In [11], different implementation options for such switch-mode PAs are presented and their advantages and disadvantages are compared with those of linear and hybrid PAs. Furthermore, a comprehensive review of currently available and developed PAs in industry and academia is given and a switch-mode realization composed of multiple cascaded (series-connected) full-bridges that achieves the same full-power BW of 100 kHz and same single-phase output power of 10 kW is presented. The cascade/series-connection of complete converter cells (full-bridges), denoted Cascaded H-Bridge (CHB) converter, enables an increased effective switching frequency and reduced switch-node voltage steps, which is advantageous for output filtering. There are other PA designs realized as CHB converter that achieve remarkable performance, such as [16], a Magnetic Resonance Imaging (MRI) high-power gradient PA with 7 kHz large-signal BW, an output capability of 1000 V/500 A, extremely low noise and high precision resulting from a sophisticated control method, or [17], a 41 level pulsed-sine generator with an output fundamental frequency of up to 1 MHz at an output voltage of up to 2 kV peak-to-peak used for cancer treatment in biomedical applications (output power and output signal quality unspecified). Similarly, [18] demonstrates a CHB based converter with a 1 MHz, 200 V amplitude sinusoidal output with a maximum power of 1.35 kW. The downside common to all CHB realizations, despite their very promising dynamic performance especially under aggressive load conditions and their full modularity (limited output voltage/power might still be available in case of failure of one CHB cell), is, however, the need for a galvanically isolated dc supply for each converter cell and the resulting relatively large coupling capacitances towards Protective Earth (PE), which cause significant Common Mode (CM) currents. These CM currents must be adequately filtered in order to not impair the converter operation.

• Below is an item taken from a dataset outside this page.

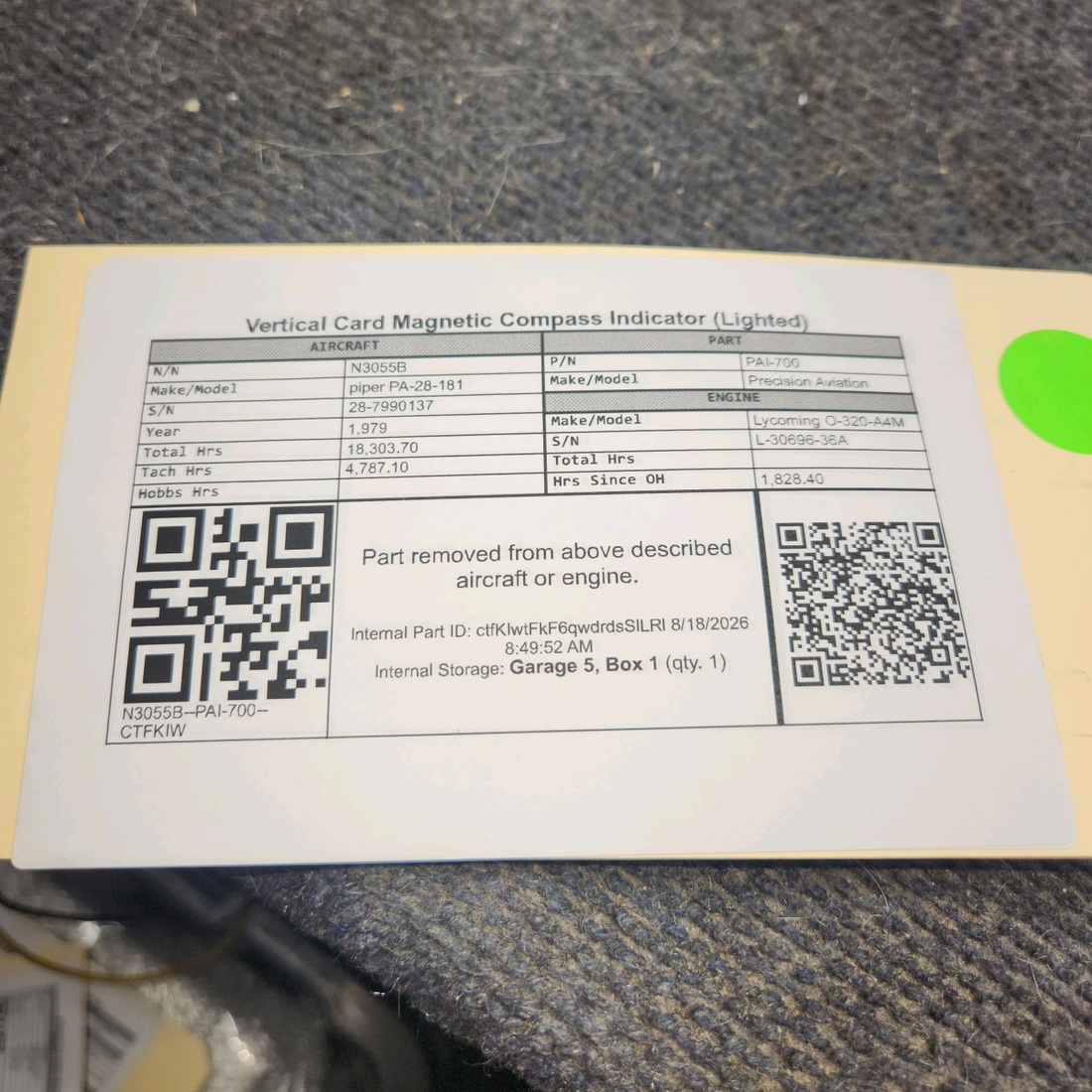 Used aircraft parts for sale, PAI-700 Precision Aviation piper PA-28-181 Vertical Card Magnetic Compass Indicator - Lighted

A further interesting concept are hybrid analog/digital PA realizations that combine a high power, high efficiency switch-mode PA (main amplifier) with a relatively low power (yet high voltage or high current capable) linear PA (correction amplifier) to achieve maximum output BW and/or maximum signal fidelity/precision and yet moderate system efficiency. They can be seen as compromise between purely analog and fully digital implementations. There are three possible configurations, namely series- and parallel-connection and envelope tracking, which are comprehensively reviewed in [19]. In [20], [21], a CHB based main amplifier is connected in series to a linear correction amplifier in a way that the closed-loop dynamics are determined solely by the latter. Thereby, a BW of 105 kHz of the linear amplifier is achieved, which, e.g., allows to generate full-scale test signals of up to 60 kHz with the hybrid PA. An example of a parallel hybrid PA is shown in [22], where the linear amplifier defines the output voltage and the via a single filter inductor coupled switch-mode amplifier delivers the bulk load current. In that sense, the linear amplifier can be seen as active filter of the switch-mode main amplifier. Similarly, the linear amplifier could be replaced by a low power, fast switching (and therefore, high BW) digital converter, shown, e.g., in [23], [24]. Envelope tracking is a technique where a switch-mode converter forms a varying supply voltage for the linear PA based on the desired output voltage envelope, in order to minimize the voltage drop across and hence the conduction losses in the linear power transistors [25]. A particularly interesting application field are Radio-Frequency (RF) power amplifiers where an RF signal with varying amplitude envelope has to be amplified. Realizations of such an envelope tracking PA based on a three-level buck converter are presented in [26], [27] where experimental results verify accurate tracking of a 10 kHz rectified sine wave with an amplitude of 4 V. A boost-type solution for higher operating voltages (up to 130 V rms) and power levels (up to 1.5 kW) and a tracking BW of 1 kHz is shown in [28].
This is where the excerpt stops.